Die hohen Kosten für den Bau neuer Kernkraftwerke sind ein weiteres Hindernis. In Europa sind neue Atomkraftwerke aufgrund gestiegener Sicherheitsanforderungen und komplexer Genehmigungsverfahren kaum noch wirtschaftlich rentabel. Der Bau des britischen Kernkraftwerks Hinkley Point C beispielsweise wird nur durch staatliche Bürgschaften und hohe Subventionen möglich.

Endlagerung und Sicherheitsbedenken

Ein weiterer kritischer Punkt in der Diskussion um die Atomkraft ist die Endlagerung des Atommülls. Die Schweiz plant, ihren Atommüll in einem geologischen Tiefenlager in der Nähe der deutschen Grenze zu lagern. Der Standort "Nördlich Lägern" in den Kantonen Zürich und Aargau wurde bereits ausgewählt, jedoch soll die endgültige Entscheidung über den Standort erst Ende dieses Jahrzehnts in einer Volksabstimmung getroffen werden.

Die Sicherheitsbedenken im Zusammenhang mit der Atomkraft sind nach wie vor hoch. Kritiker weisen auf die potenziellen Risiken von Unfällen und die Herausforderungen bei der Entsorgung hochradioaktiver Abfälle hin. Diese Bedenken sind besonders relevant in Anbetracht der Erfahrungen aus der Vergangenheit, wie den Katastrophen in Tschernobyl und Fukushima.

Ausblick und zukünftige Entwicklungen

Die Diskussion über die Rückkehr zur Atomkraft in der Schweiz steht erst am Anfang. Der Gesetzesentwurf wird voraussichtlich im kommenden Jahr im Parlament und anschließend dem Volk zur Abstimmung vorgelegt. Die Meinungen über die Notwendigkeit und Sicherheit neuer Kernkraftwerke sind stark polarisiert, und es bleibt abzuwarten, wie die Bevölkerung auf die geplanten Änderungen reagieren wird.

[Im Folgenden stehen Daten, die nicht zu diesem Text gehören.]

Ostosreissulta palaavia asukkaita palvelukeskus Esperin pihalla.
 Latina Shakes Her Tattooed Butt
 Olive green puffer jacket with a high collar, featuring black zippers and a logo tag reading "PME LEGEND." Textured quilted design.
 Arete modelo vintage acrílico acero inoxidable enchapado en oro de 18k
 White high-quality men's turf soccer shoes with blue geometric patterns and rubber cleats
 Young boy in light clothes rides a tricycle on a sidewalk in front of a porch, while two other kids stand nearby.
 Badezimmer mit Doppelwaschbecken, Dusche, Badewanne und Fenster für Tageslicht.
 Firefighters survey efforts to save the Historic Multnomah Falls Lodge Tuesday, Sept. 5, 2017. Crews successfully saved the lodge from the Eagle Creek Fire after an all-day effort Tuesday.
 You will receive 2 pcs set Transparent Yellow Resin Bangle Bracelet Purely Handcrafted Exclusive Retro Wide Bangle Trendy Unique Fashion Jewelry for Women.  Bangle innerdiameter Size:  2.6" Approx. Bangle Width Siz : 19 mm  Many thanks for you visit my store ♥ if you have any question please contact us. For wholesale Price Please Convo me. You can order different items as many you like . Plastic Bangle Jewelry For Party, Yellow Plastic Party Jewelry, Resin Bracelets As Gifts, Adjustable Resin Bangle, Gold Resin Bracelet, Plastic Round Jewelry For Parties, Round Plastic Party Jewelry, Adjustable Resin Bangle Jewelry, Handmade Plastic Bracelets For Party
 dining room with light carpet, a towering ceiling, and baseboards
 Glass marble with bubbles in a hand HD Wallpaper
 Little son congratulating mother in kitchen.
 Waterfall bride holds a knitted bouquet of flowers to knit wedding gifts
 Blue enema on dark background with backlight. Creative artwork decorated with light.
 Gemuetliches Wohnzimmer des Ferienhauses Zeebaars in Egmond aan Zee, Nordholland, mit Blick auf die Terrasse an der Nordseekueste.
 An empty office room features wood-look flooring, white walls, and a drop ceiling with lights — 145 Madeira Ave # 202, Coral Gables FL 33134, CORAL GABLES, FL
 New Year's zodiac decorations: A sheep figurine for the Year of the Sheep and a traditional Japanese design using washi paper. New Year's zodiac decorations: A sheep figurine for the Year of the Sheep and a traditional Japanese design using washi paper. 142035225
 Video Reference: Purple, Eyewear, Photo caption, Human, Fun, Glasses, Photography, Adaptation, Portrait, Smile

Die Wende in der Atompolitik der Schweiz könnte weitreichende Auswirkungen auf die Energieversorgung und die Klimapolitik des Landes haben. Angesichts der Herausforderungen im Bereich der erneuerbaren Energien und der Notwendigkeit, die Energieversorgung zu sichern, wird die Debatte um die Atomkraft in den kommenden Jahren voraussichtlich intensiv weitergeführt werden.

Quellen: FAZ, NZZ, Die Zeit, Swissinfo.